Assignment ▸ Lines from the one containing "S*様 ビカクシダ　ペドロタツタ　コルク付け" through the end of the data are to be returned exactly, and no others.
:: Source information
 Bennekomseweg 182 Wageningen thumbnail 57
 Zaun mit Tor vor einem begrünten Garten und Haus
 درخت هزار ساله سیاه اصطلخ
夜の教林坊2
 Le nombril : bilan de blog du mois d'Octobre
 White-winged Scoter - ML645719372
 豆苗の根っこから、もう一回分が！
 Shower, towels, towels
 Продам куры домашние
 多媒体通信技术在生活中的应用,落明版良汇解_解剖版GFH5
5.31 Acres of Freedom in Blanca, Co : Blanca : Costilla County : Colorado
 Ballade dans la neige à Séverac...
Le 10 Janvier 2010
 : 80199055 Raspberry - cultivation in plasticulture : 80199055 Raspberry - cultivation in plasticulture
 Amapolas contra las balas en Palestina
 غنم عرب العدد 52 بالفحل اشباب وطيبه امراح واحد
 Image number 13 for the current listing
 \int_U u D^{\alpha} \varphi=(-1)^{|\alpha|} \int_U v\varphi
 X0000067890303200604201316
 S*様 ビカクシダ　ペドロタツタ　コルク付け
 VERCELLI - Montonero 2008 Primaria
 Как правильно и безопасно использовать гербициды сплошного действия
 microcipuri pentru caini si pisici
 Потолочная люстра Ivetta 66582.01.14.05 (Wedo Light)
::::
Answer for the task ▸
 S*様 ビカクシダ　ペドロタツタ　コルク付け
 VERCELLI - Montonero 2008 Primaria
 Как правильно и безопасно использовать гербициды сплошного действия
 microcipuri pentru caini si pisici
 Потолочная люстра Ivetta 66582.01.14.05 (Wedo Light)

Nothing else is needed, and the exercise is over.